In several places the MQ Knowledge centre mentions backing up your queue manager, for example if case of problems when migrating.

I could not find an emojo showing a worried wizard, so let me explain my concerns so you can make an informed decision about using it.

Firstly some obvious statements

  • You take a backup so you can restore it at a later date to the same state
  • When you do a restore in-place you overwrite what was there before
  • The result of a restore should be the same as when you did the backup

See really obvious – but you need to think through the consequences of these.

Creating duplicate messages

Imaging there is a message on the queue saying “transfer 1 million pounds to Colin Paice”. This gets backed up. The messages gets processed, and I am rich!

You restore from the backup – and this message reappears – so unless the applications are smart and can detect a duplicate message – I will get even richer!

Losing messages

An application queues was empty when it was backed up. A message is put to the queue “Colin Paice pays you 1 million pounds”. Before this message gets processed the system is restored – resetting the queue to when it was backed up – so the message disappears and you do not get your money.

Status information gets out of step

The queue manager holds information in queues. For example each channel has information about the sequence number of the message flow. If this gets out of sync, then you have to manually resync them.

If you restore the SYSTEM.CHANNEL.SYNCQ from last week – it will have the values from last week. If you restore this data, the channels will fail to start because the sequence numbers do not match, and you need to use the reset channel command.

If you really want to do backup and restore…

Before you back up..

  • If this is a full repository, “just” move it to another queue manager.
  • Stop receiver channels, so work stops flowing into the queue manager
  • Set all application input queues to put disabled, to stop applications from putting to the queues.
  • Let the applications drain all application queues (and send the replies back)
  • Make sure all queues, such as Dead Letter Queue, and Event Queues have been processed and the queues are empty.
  • Make sure all transmission queues are empty, including SYSTEM.CLUSTER.TRANSMIT.QUEUE and any Split Cluster Transmit queues.
  • Shut down the queue manager, letting all work end cleanly.
  • Backup the queue manager files
  • Make a record of every configuration change you make, such as alter qlocal.

If you need to restore.. you need to empty the queue manager before you overwrite it.

  • Make sure there are no threads in doubt.
  • Make sure all transmission queues are empty
  • Have applications process all of the application messages, or offload the messages
  • Shut down MQ
  • Restore from your backup.
  • Any MCA channels which have been used may have the wrong sequence numbers, and will need to be reset
  • You may need to refresh cluster, so that you get the latest definitions sent the machine, and the information on local objects is propagated back to the full repository.
  • If you offloaded application messages, restore them
  • Reapply any changes, such as alter QL…
  • You need to be careful about applications connecting to your queue manager it is ready to do work. You might want to use strtmqm -ns to start in restricted mode.

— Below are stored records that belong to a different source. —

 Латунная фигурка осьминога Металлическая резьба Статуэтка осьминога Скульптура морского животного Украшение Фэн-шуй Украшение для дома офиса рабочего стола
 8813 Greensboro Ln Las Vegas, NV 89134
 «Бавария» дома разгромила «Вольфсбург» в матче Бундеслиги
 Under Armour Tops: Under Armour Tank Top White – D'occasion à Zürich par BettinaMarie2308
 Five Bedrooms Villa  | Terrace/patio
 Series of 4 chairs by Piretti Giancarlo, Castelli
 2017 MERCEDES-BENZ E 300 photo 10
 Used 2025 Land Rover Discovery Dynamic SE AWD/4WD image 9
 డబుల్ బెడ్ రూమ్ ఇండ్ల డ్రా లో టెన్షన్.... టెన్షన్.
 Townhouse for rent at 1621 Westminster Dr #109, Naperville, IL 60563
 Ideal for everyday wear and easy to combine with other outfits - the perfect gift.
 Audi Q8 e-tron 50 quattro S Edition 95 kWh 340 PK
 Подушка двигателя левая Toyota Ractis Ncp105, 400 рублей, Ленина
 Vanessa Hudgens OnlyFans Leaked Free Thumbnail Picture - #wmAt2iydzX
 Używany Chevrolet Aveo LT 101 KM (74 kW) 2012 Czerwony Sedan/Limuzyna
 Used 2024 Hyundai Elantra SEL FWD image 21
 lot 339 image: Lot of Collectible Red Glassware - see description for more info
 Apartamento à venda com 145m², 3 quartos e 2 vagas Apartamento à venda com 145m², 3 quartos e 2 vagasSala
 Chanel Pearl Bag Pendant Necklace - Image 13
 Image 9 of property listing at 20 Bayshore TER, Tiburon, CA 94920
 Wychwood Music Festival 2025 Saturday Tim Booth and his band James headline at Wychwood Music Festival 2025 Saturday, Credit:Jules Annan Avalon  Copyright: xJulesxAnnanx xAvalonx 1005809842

It is dangerous if you restore the queue manager in a different place

You need to be careful if you restore a queue manager to a different place.

If you restore it, and start it, then channels are likely to start, and messages flow. For example it will contact the full repository, and send information about the objects in the newly restored queue manager. The full repository will get confused as you have two queue managers with the same name, and same unique name sending information. It is difficult to resolve this once it has occurred. People have been known to do this when testing their disaster recovery procedures.